▶
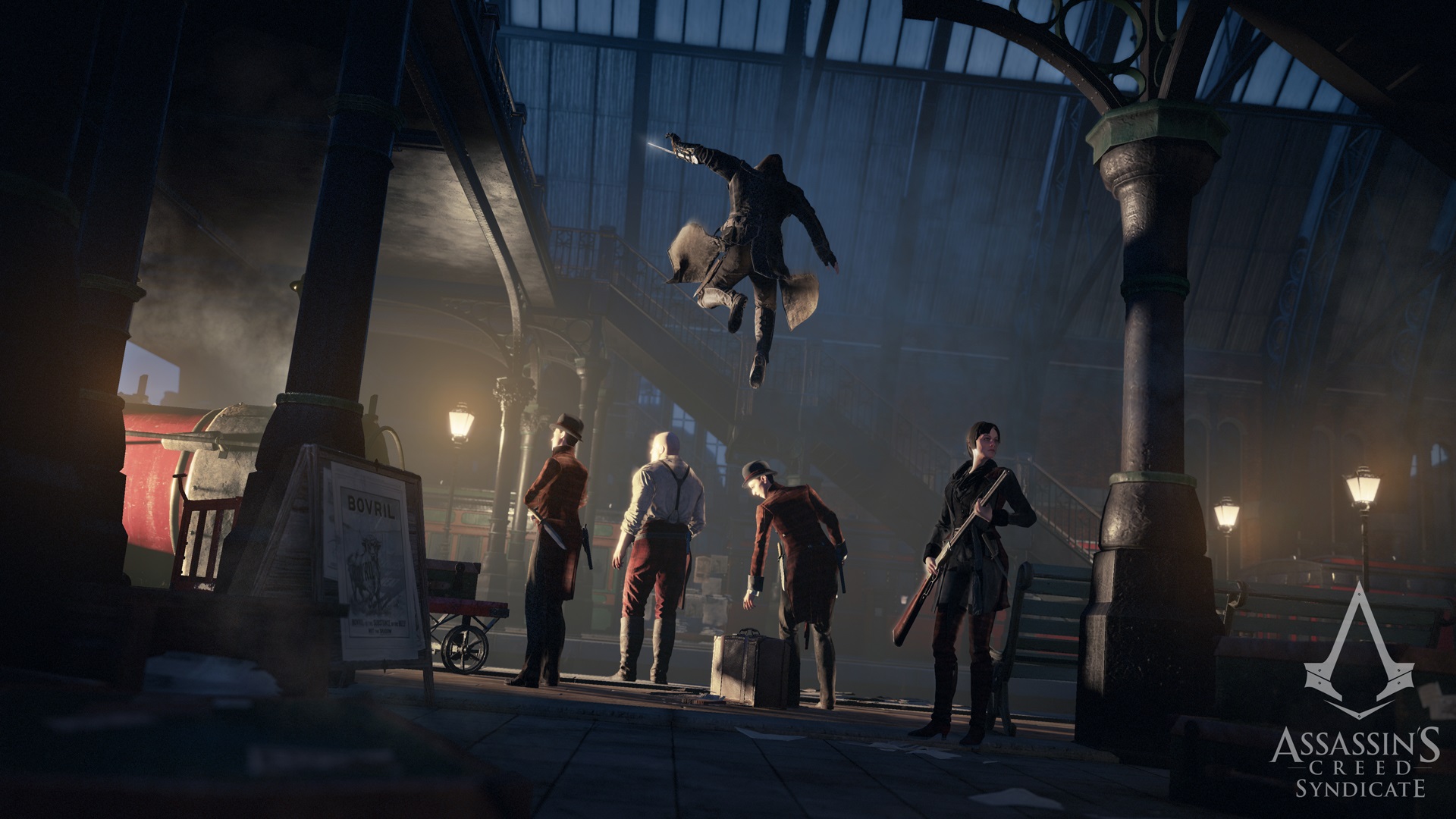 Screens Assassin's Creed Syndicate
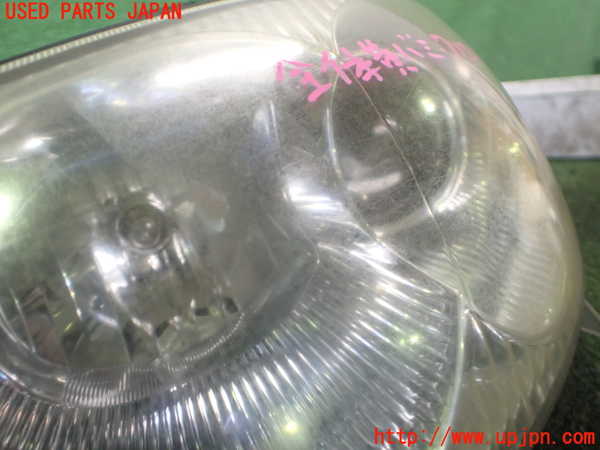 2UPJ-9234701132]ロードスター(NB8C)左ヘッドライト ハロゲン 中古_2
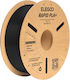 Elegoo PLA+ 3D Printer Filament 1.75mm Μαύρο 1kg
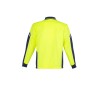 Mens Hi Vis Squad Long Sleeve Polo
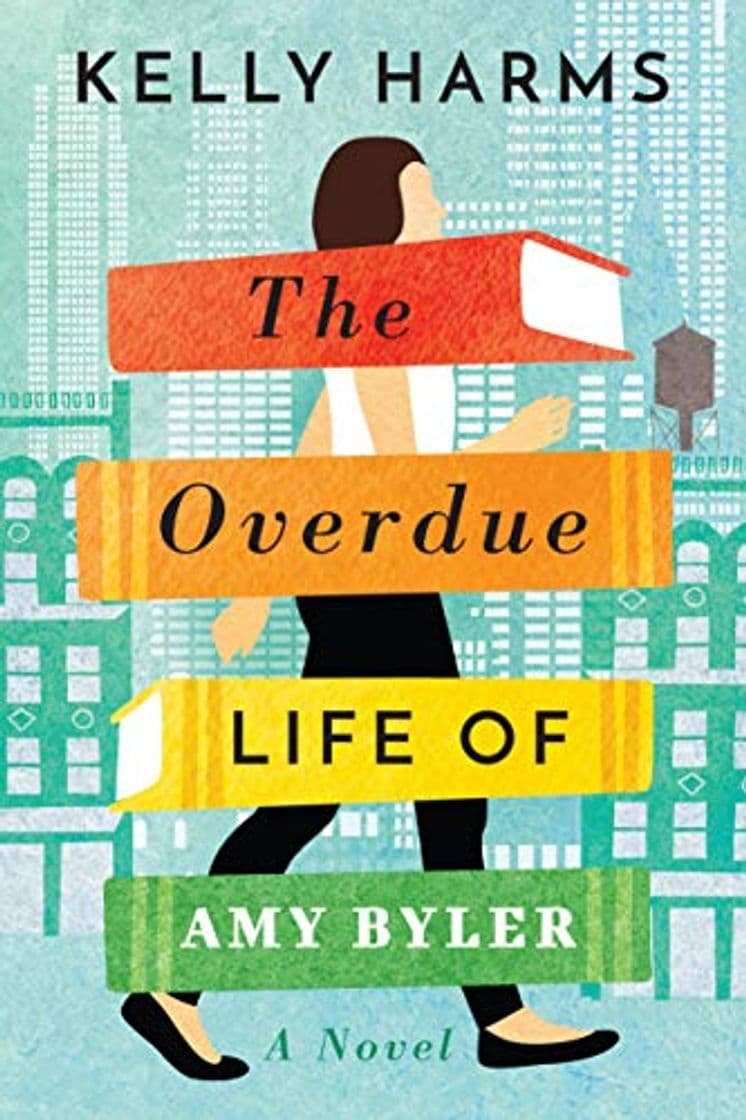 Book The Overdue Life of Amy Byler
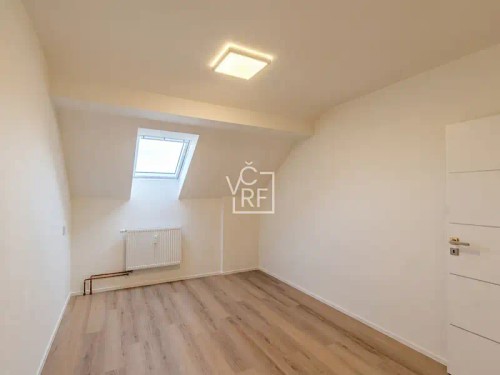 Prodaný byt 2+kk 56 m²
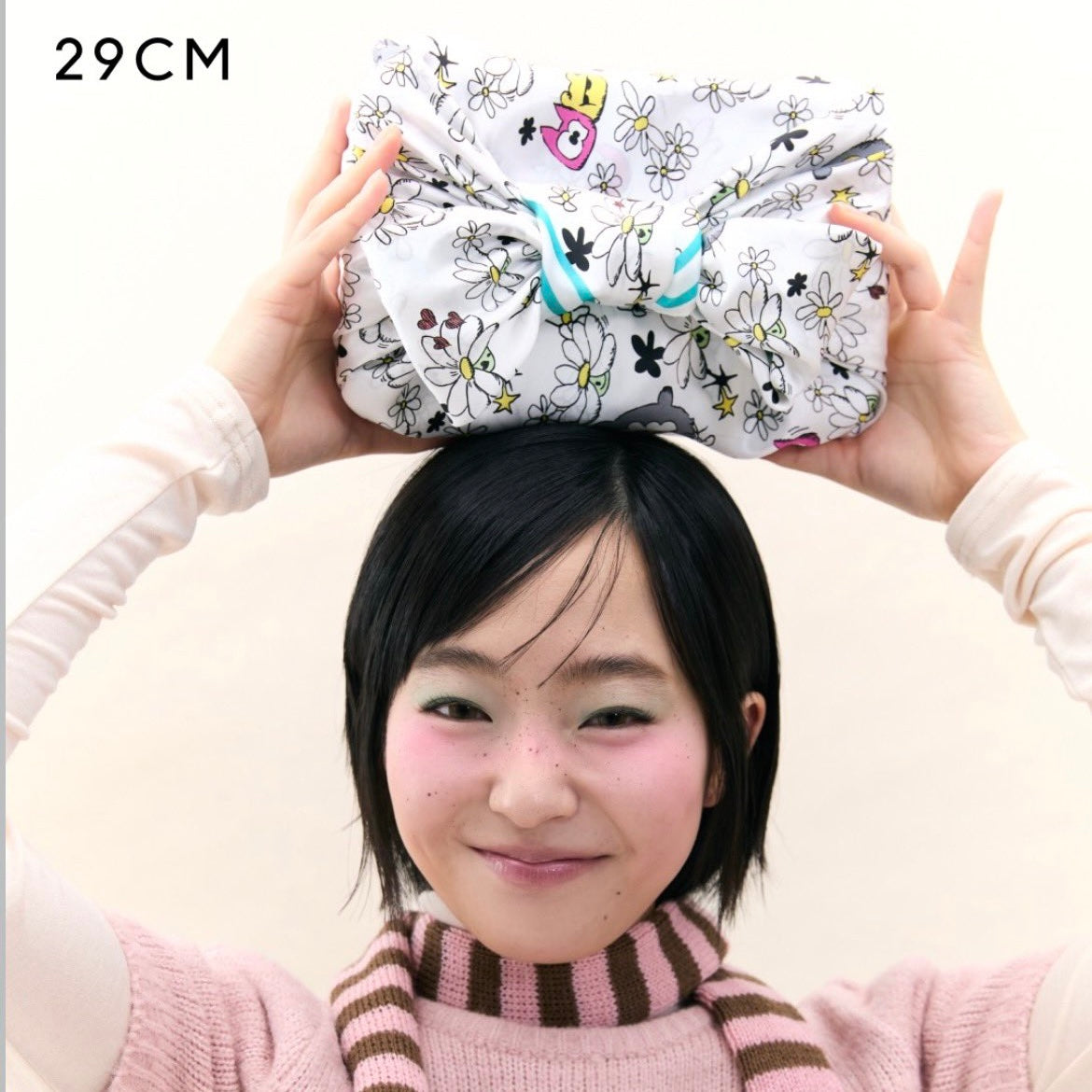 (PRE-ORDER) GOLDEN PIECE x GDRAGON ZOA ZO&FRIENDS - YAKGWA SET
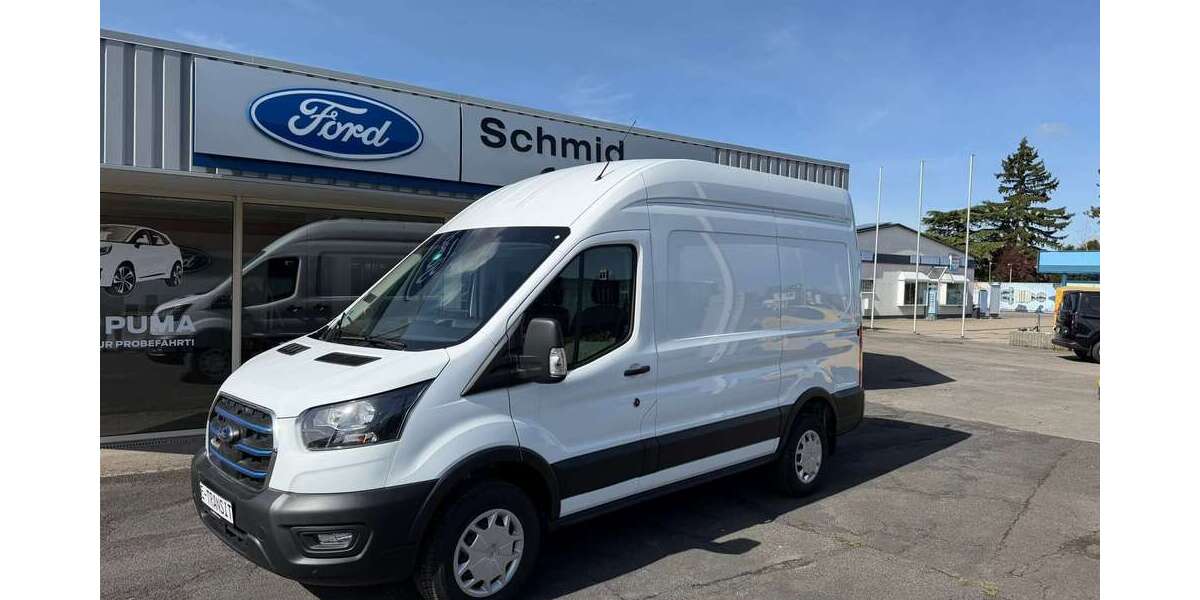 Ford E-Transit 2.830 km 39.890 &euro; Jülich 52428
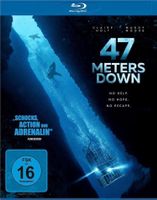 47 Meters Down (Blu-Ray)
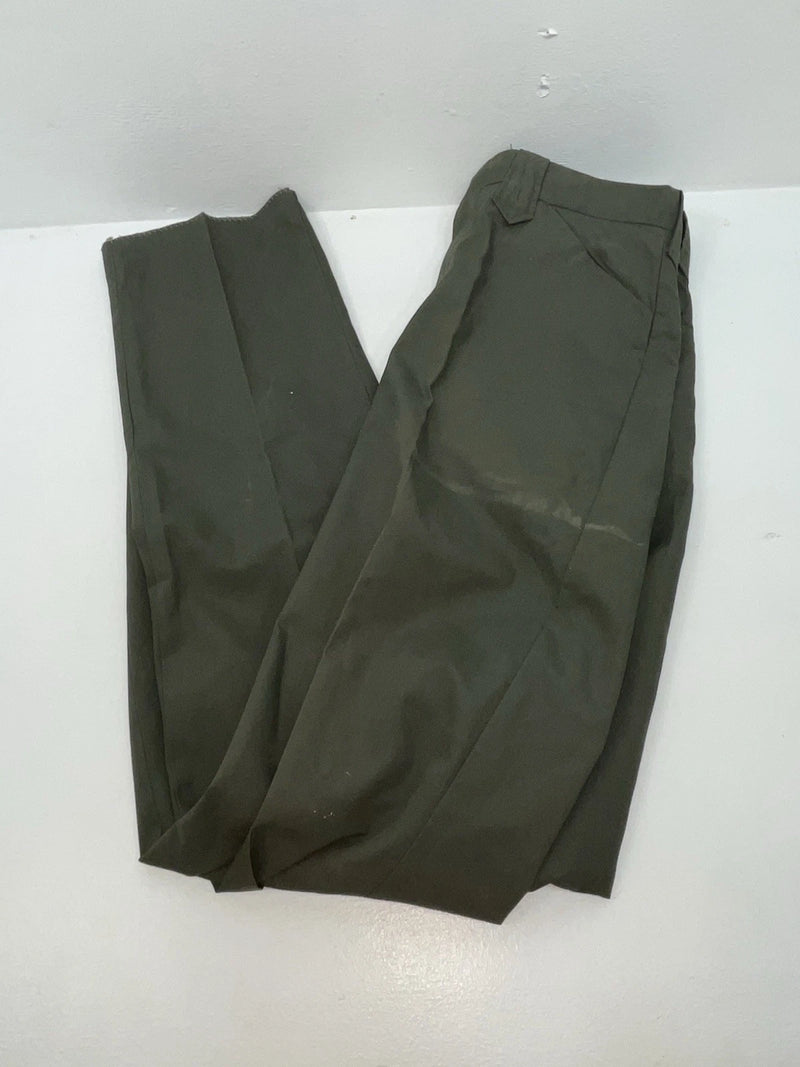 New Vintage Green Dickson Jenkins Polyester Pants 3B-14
◀
### Exercise requirements
Without including a single picture, restate all of the data word for word.

### Exercise answer
 Screens Assassin's Creed Syndicate
 2UPJ-9234701132]ロードスター(NB8C)左ヘッドライト ハロゲン 中古_2
 Elegoo PLA+ 3D Printer Filament 1.75mm Μαύρο 1kg
 Mens Hi Vis Squad Long Sleeve Polo
 Book The Overdue Life of Amy Byler
 Prodaný byt 2+kk 56 m²
 (PRE-ORDER) GOLDEN PIECE x GDRAGON ZOA ZO&FRIENDS - YAKGWA SET
 Ford E-Transit 2.830 km 39.890 &euro; Jülich 52428
 47 Meters Down (Blu-Ray)
 New Vintage Green Dickson Jenkins Polyester Pants 3B-14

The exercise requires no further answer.